I feel the sensation of the genes of the Millennium Capital coming through my skin along with the memories of the land and culture. The exquisite balance between traditional performing arts and the evolution of modern industrial technology is due to the fact that craftsmen in Kyoto acquire skills through the formula of “learn by seeing, learning by hearing, and learning by watching”. Was life itself a form of training！
The difference between a master and an expert is to pursue the ultimate, and it seems that there were many such masters in Kyoto during the Meiji period.
In the first year of the Meiji Restoration, the Boshin War destroyed everything, and the emperor was relocated to Tokyo.The people of Kyoto were burning with the desire to create a new world on their own.
The Kyoto Seimikyoku was established in 1870 near the present-day The Ritz-Carlton Kyoto in Nijo on the Kamogawa River, promoting the modernization of Japan. Genzo Shimadzu was a metal processing craftsman for Buddhist altar fittings. The Kyoto Seimikyoku was built right in front of his eyes, and he always went to see what it was like, and received requests for repairs.
It is said that Genzo Shimadzu met the German engineer Dr. Wagner and the Dutch engineer Dr. Heertz, and asked questions to Japanese engineers, etc., and devised them himself.
From Dr. Wagner, he learned how to make physics and chemistry equipment and how to operate a German foot-operated wooden lathe. Shimadzu Genzo mastered the technique by asking questions such as “How is it made?” and “What is the structure?” After that, he was able to provide physics and chemistry equipment to elementary and junior high schools. Completed by research from scratch.

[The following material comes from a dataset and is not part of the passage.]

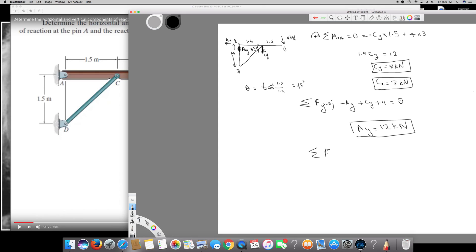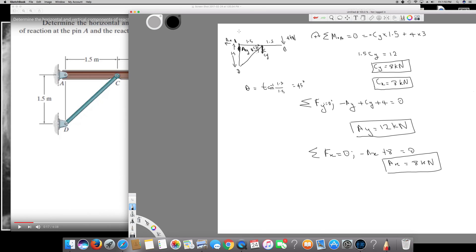If I solve for Ax, the total Fx equals zero. Ax is going counterclockwise so it's negative Ax, and Cx is going clockwise so it's positive. We found Cx already — it's 8 kilonewtons — so negative Ax plus 8 equals zero, therefore Ax equals 8 kilonewtons. So the final answers are: Ax equals 8 kN, Ay equals 12 kN, Cx equals 8 kN, and Cy equals 8 kN.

The fact that Genzo Shimadzu, who spearheaded the modernization of Kyoto, came from the traditional industry of a Buddhist altar fittings dealer is also an episode typical of Kyoto.
It can be imagined that Genzo Shimadzu, who was a Buddhist altar fittings dealer and was good at fine craftsmanship, rapidly mastered cutting-edge technology. Then, on December 6, 1877, in the presence of 50,000 spectators at Kyoto Gyoen, he made Japan’s first manned light balloon flight to an altitude of 36 meters, achieving a great feat. It is said that hydrogen was used, and scrap iron was put into 10 four-to-barrels of Fushimi sake, diluted sulfuric acid was poured in, and a large amount of hydrogen was generated and blown away. is exhibited in No matter how many times I see it, I am impressed.
Also, the entrance fee for the manned flight at Kyoto Gyoen was 3 sen (One sen is equivalent to the current 200 yen, and the entrance fee is 600 yen.) per person and half price for children, and he received half the entrance fee, and used the proceeds for the next research fund.
Just as the stage of the Miyako Odori, which pioneered modern industry, was lit up and made history as the first stage in Japan to be lit up, we would like to revitalize Kyoto with the spirit of recreating a new world.